Net Income Formula

Denise Elizabeth P
Senior Financial Editor & Contributor
Last Updated: September 22, 2021
Date Published: September 22, 2021

Net income is a business’s earnings after considering all expenses.

It considers all income and expenses from all sources (operating activities, investing activities, and financing activities).

Net income not only shows the efficiency of a business’s operations, but it also shows how well a business is managing its investing and financing activities.

It captures the effect of one of the most common non-operating expenses: the cost of borrowing.

Net income is one of the most important figures in a business’s financial statements.

It basically summarizes the financial performance of a business in a given period.

It also includes the items that the gross profit and operating income don’t capture.

That is why it’s important to know how to compute your business’s net income.

Net Income Formula

The Net Income Formula

Computing for net income is actually fairly simple.

You only need to add up all income generated by your business, and then deduct all expenses incurred.

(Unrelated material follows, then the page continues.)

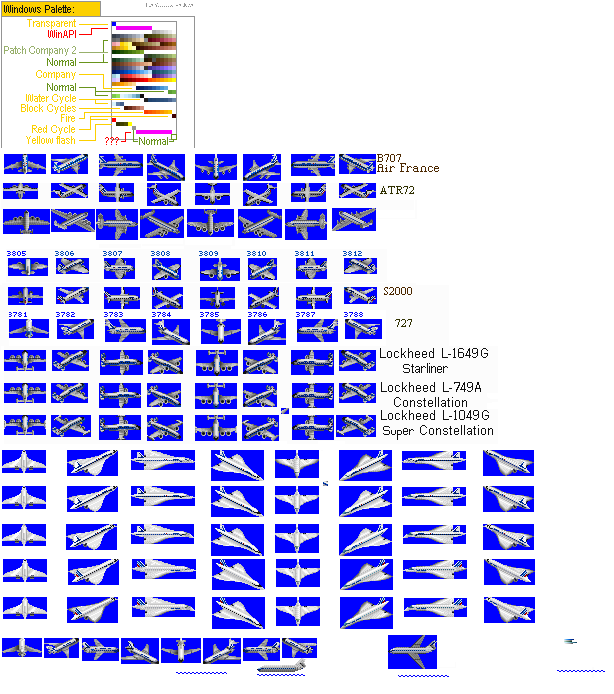 many french painted planes.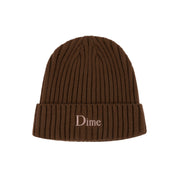 Classic Fold Beanie - Brown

Put into formula form, it should look like:

Net Income = Income from all sources – Expenses from all sources

Simple right?

But it’s still a little vague, so let’s try breaking it down even further.

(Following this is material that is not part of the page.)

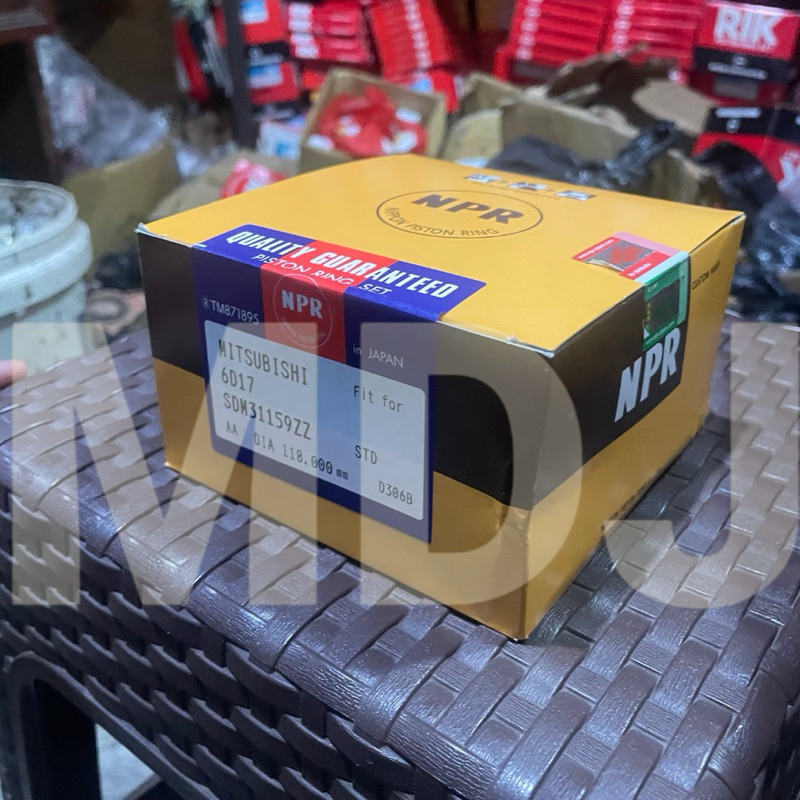Ring Piston / Ring Seher NPR Mitsubishi 6D17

“Income from all sources” means a business’s earnings from all income-generating activities.

This includes the revenue you earn from your business’s operations and the income you receive from non-operating activities such as the gain from the sale of a long-term asset, the interest income from the money lent to another business, or the dividend received from the shares of another business.

So if we expound on this component of the formula, it would look like:

Income from all sources = Revenue + Non-operating Income

“Expenses from all sources” means all the expenses incurred by a business.

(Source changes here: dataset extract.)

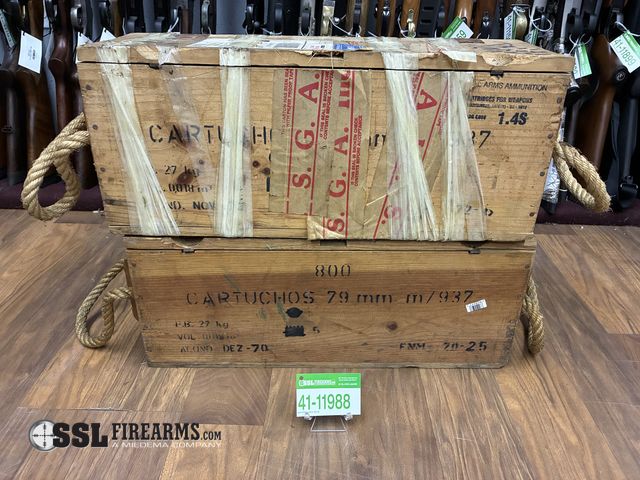 Lot 41-11988 - Wood military ammunition crates (x2) containing what is believed to be approximately (1,500) rounds ...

This includes the cost of the goods sold or services that are offered by a business, the operating expenses incurred such as rent, salaries and wages, utilities expense, etc., and the non-operating expenses such as the cost of borrowings (e.g. interest expense, financing costs), the losses due to fire, the loss from the sale of a long-term asset, etc., and the income tax required to be paid by the government.

Similar to what we did with “income from all sources”, we expound on this component and we get:

Expenses from all sources = Cost of Sales + Operating Expenses + 

Non-operating Expenses + Income Tax 

Put together, we get the formula:

Net Income = (Revenue + Non-operating Income) – (Cost of Sales + Operating Expenses + Non-operating Expenses + Income Tax)

That made things clearer right?

What’s more, these are the line items that you can usually find in a business’s income statement.

Let’s try using it on the following income statement and compute the net income:

Here we have a net revenue of $77,867,000,000, cost of sales of $34,255,000,000, operating expenses of $19,934,000,000, non-operating income of $1,904,000,000 in the form of net gains on equity investemts, non-operating expenses of $504,000,000 (interest and others), and provision for taxes (income taxes) of $4,179,000,000.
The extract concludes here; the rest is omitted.